The Thai legal system is based upon a system known as civil law. Unlike common law countries, civil law countries generally do not recognize marriages that are not duly registered. In a common law jurisdiction that upholds the concept of “common law marriage,” a couple that holds themselves out to the public as married can be deemed to be married by operation of law. This is not the case in Thailand where even having a wedding ceremony, referring to one another as man and wife, and sharing tax liability will generally not be enough for any court to recognize the existence of a marriage.

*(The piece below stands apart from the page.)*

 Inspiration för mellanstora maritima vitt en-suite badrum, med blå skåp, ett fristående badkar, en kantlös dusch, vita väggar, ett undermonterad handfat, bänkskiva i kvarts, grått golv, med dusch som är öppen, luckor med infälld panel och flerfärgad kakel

This marriage recognition system can have an impact with regard to US Immigration because one’s marital status in the eyes of USCIS can determine what type of visa a couple can apply for. There are some situations in which USCIS will recognize a customary marriage when the couple has no ability to register a marriage in the appropriate jurisdiction, this issue can arise in refugee marriages. However, this is the exception and not the rule. In most cases, USCIS will make determinations based upon actual marital registration status.

Therefore, if a couple has conducted a customary wedding ceremony (religious or otherwise) and has yet to register the marriage at the Amphur office, then it is likely that USCIS will view the couple’s status as unmarried. However, it may be wise to retain attorney assistance in cases where marital registration is an issue, because failure to properly explain the couple’s marital situation could lead to a visa denial by USCIS based upon the decision that the couple does not meet the statutory requirements for the visa category.

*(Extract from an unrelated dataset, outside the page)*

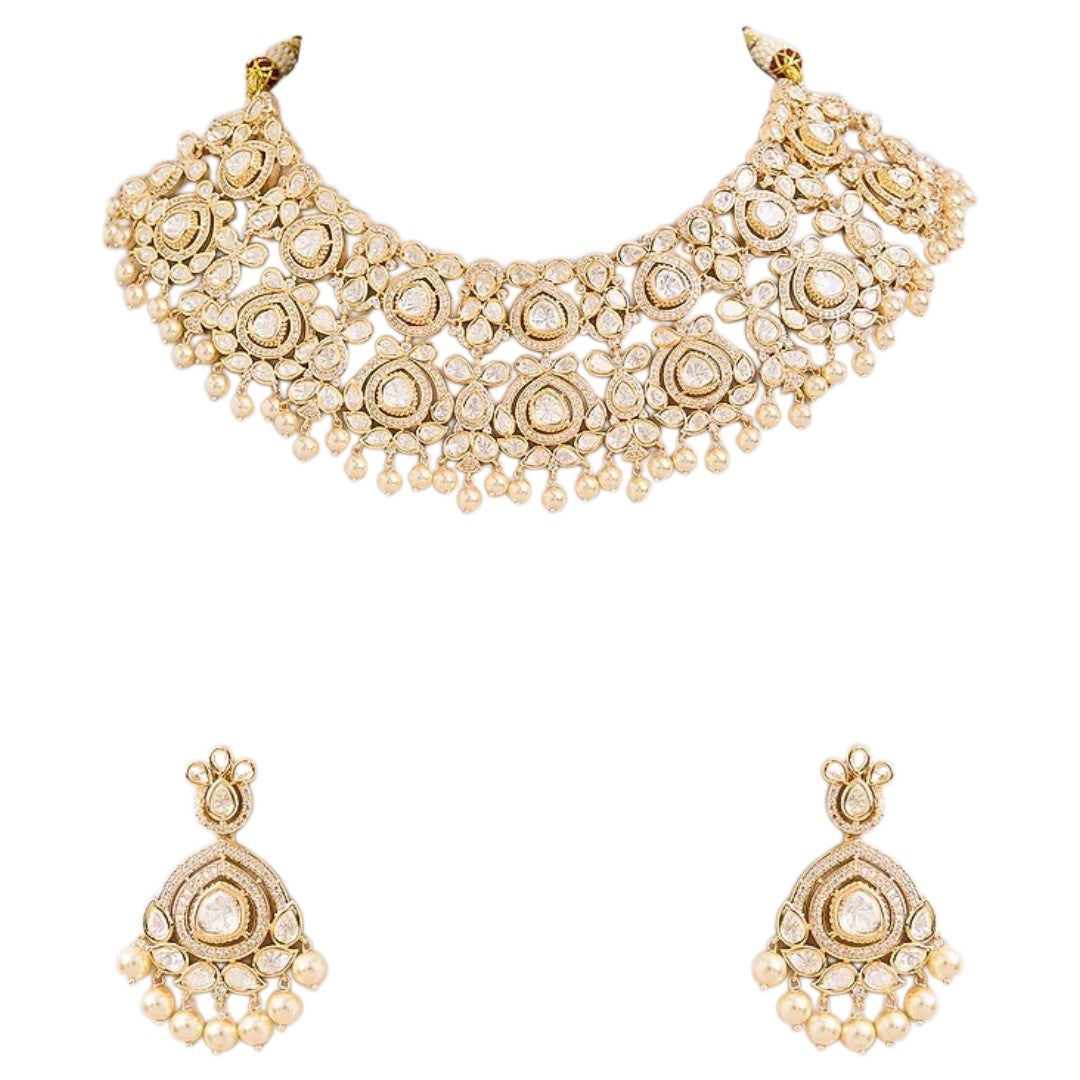 White Kundan necklace set with gold-tone detailing pearl drops and matching earrings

From a strategic point of view, marriage registration can be beneficial or disadvantageous depending upon where the US petitioner resides because residence will determine which USCIS office has jurisdiction. In some cases being married will qualify the couple for an Immigrant Spouse visa that would have a comparatively quick processing time because the US Citizen petitioner qualifies for overseas filing. In other cases, being unmarried may be an advantage because a K1 visa can be obtained. Regardless, decisions pertaining to marriage should not be made solely or the purpose of acquiring US Immigration benefits. It is always wise for couples to make informed and thoughtful decisions after careful research and investigation.

Issues regarding a couple’s relationship status will likely become even more complex should Congress decide to pass the Uniting of American Families Act which would entitle Permanent Partners of US Citizens to Immigration benefits.

(Please take notice: this blog post should be used for informational purposes only and should not be used in place of competent legal advice from a licensed attorney. An Attorney-Client Relationship is NOT created between the author and reader of this piece.)